(TargetLiberty.org) – With the holidays just around the corner, many retail shops and businesses continue to face difficulties finding help. Rather than lacking access to the right people for the job, some organizations can’t attract any applicants at all. Some analysts worry that worker shortage will worsen inflation and drive up prices over Christmas, increasing financial strain on Americans and posing serious risks to the economy.
Worker Shortage Stymies Businesses
The National Retail Federation (NRF) reports that retailers will likely bring on 500,000 to 665,000 seasonal workers nationwide in advance of the impending holiday shopping season. While many of these jobs only last a few weeks or months, temporary staff play a critical role in allowing businesses to keep up with increased demand. The fact that businesses are already reporting difficulty finding people to work does not bode well for shoppers or companies.
The ongoing shortage of workers carries dire consequences for businesses of every size and level, ranging all the way from small mom-and-pop shops to major corporations. Smaller organizations tend to suffer the most severe side effects; too few workers often means they have to shorten hours or even close up shop.
Yet, experts say even conglomerates like Walmart, Macy’s, and Amazon face a protracted hiring challenge. An article from CBS News reports that Amazon is short approximately 150,000 people, while Kohl’s seeks 90,000 people. UPS is so desperate for workers that Communications Supervisor Sarah Shatan says they’re often hiring people on the spot, sometimes in less than half an hour.

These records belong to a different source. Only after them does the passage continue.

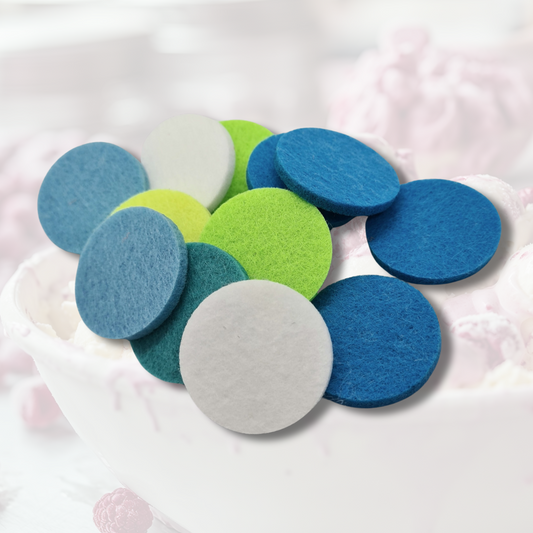 Raspberry Ripple Hoover Discs
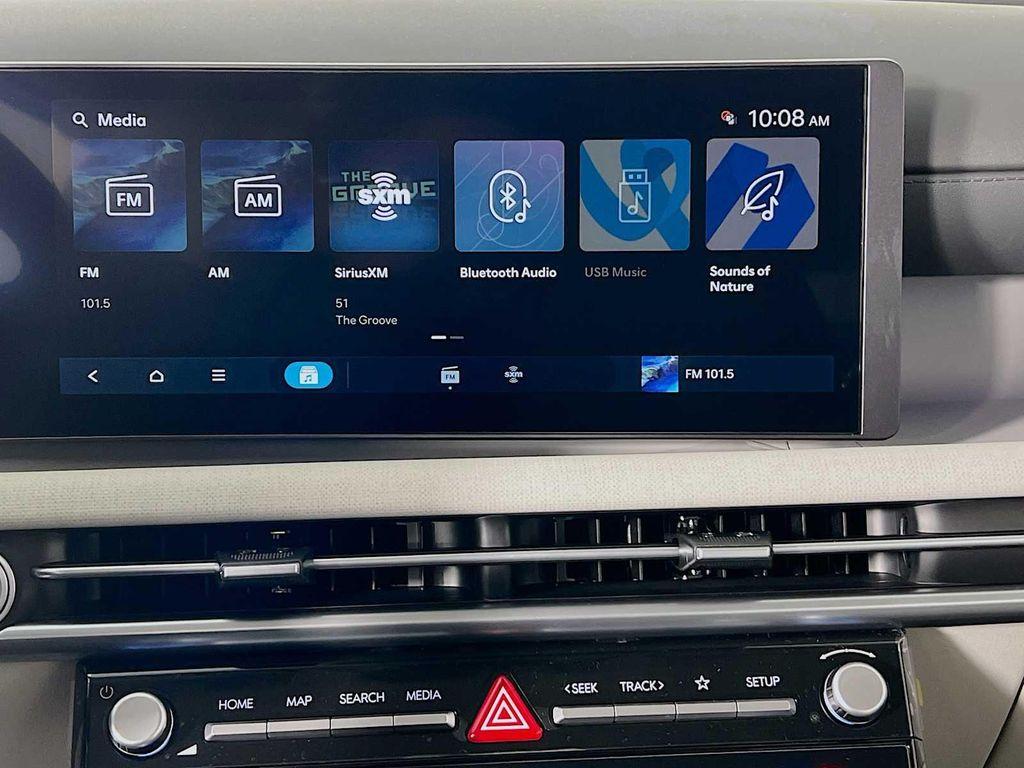 new 2026 Hyundai TUCSON Hybrid car, priced at $34,595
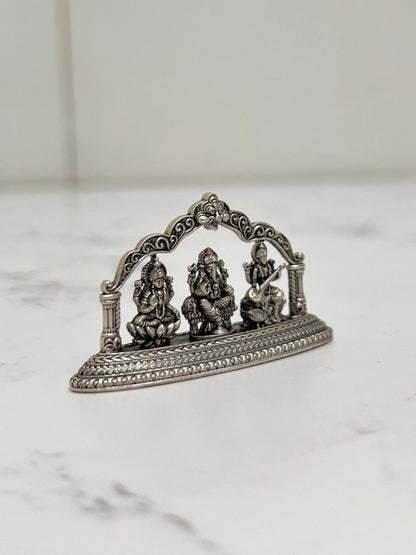LAKSHMI GANESH SARASWATI IDOL
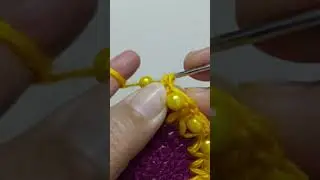 Crochet Easy Edging, Border, How To Tutorial,#crochetmoderntrends
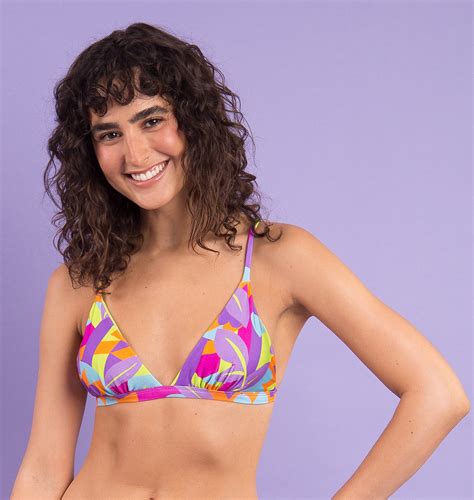 Parte De Arriba De Bikini Top Dreams Tri Fixo Marca Rio De Sol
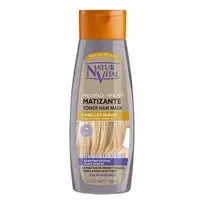 Naturaleza Y Vida Tonizuojanti plaukų kaukė Skirtas šviesiems plaukams 300ml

With the NRF predicting a record-breaking retail sales season, those shortages amount to a double whammy for both businesses who are already struggling to keep up and the consumers who frequent them. It’s a recipe for disaster some analysts worry could end up having disastrous consequences on the economy for some time.
Economic Effects Could Last for Years
Job shortages affect the economy in a variety of ways. The most obvious fallout is the effect on day-to-day operations. A lack of workers slows production, which worsens supply chain struggles and creates backlogs in stock. When businesses produce or source fewer items, that means they’re also making fewer sales; less money flows into the economy.
There are other consequences, too. As we’ve seen over the past year, issues with the supply chain often drive prices up. Increased demand might even make it impossible to access certain products. Consumers can’t buy what isn’t available on the open market. While many will spend their money elsewhere, it still has the potential to pull cash out of the economy, which could worsen inflation.
Inequalities in how businesses cope with worker shortages also represent an economic risk. While conglomerates such as Walmart or Amazon often have access to the kind of money and resources needed to compensate, typically by offering astronomical increases in wages, signing bonuses, and other incentives, small businesses simply don’t have the same options.
Fewer working hours, a lack of stock, and temporary closures can be a death sentence for already-struggling small businesses. Holiday sales are often critical to their year-round viability. While they may not necessarily contribute as much to the economy as a major corporation like Amazon, collective losses, closures, and slumps still impact the economy. The situation also makes life a whole lot harder for the everyday middle-class Americans who run them.